Dari pembahasan makalah diatas, maka dapat kami simpulkan bahwaTeknik pelaksanaan pendidikan agama di sekolah-sekolah umum mengalami perubahan-perubahan tertentu sehubungan dengan berkembangnya cabang ilmu pengetahuan cabang ilmu pengetahuan dan perubahan sistem  proses belajar dan mengajar.Misalnya tentang materi pendidikan agama di adakan pengintegrasian dan pengelompokan yang lebih terpadu dan diadakan pengurangan alokasi waktu.

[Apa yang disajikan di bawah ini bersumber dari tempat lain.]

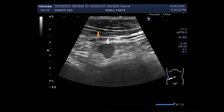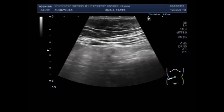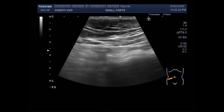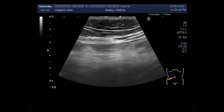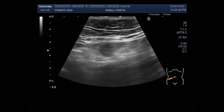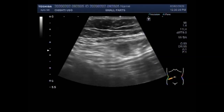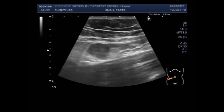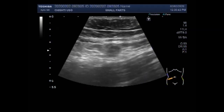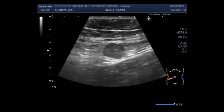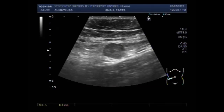You can see the blood vessels, and along the blood vessels, enlarged lymph nodes are seen in the right iliopsoas. Now you can see the left iliopsoas, where enlarged lymph nodes are also seen.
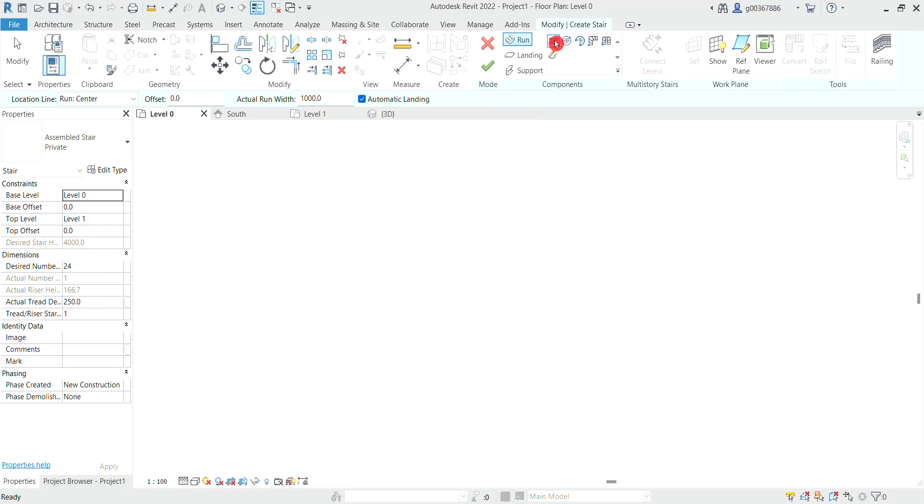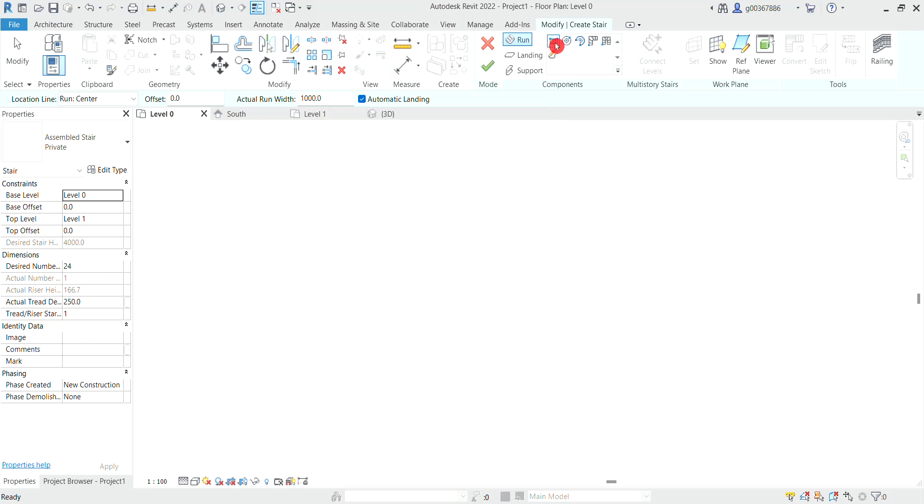Straight stairs is already selected, so this is what we will use.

Adapun dalam makalah ini akan dibahas mengenai organisasi, lembaga dan tokoh-tokoh pendidikan Islam secara singkat.
Adapun tokoh-tokoh pendidikan Islam ada tiga orang, adapun ketiga pendiri tersebut adalah sebagai berikut:
1.      KH. Ahmad Dahlan (1860-1923)
2.      KH. Haji Hasyim Asy’ari (1871-1947)
3.      KH. Abudl Halim (1887-1962)


DAFTAR PUSTAKA


Dra. Zuhairi, dkk. 2001. Sejarah Pendidikan Islam, Jakarta: Bumi Aksara.
Yatim, Badri. 2006,  Sejarah Peradaban  Islam. Jakarta: Raja Grafindo Persada Press.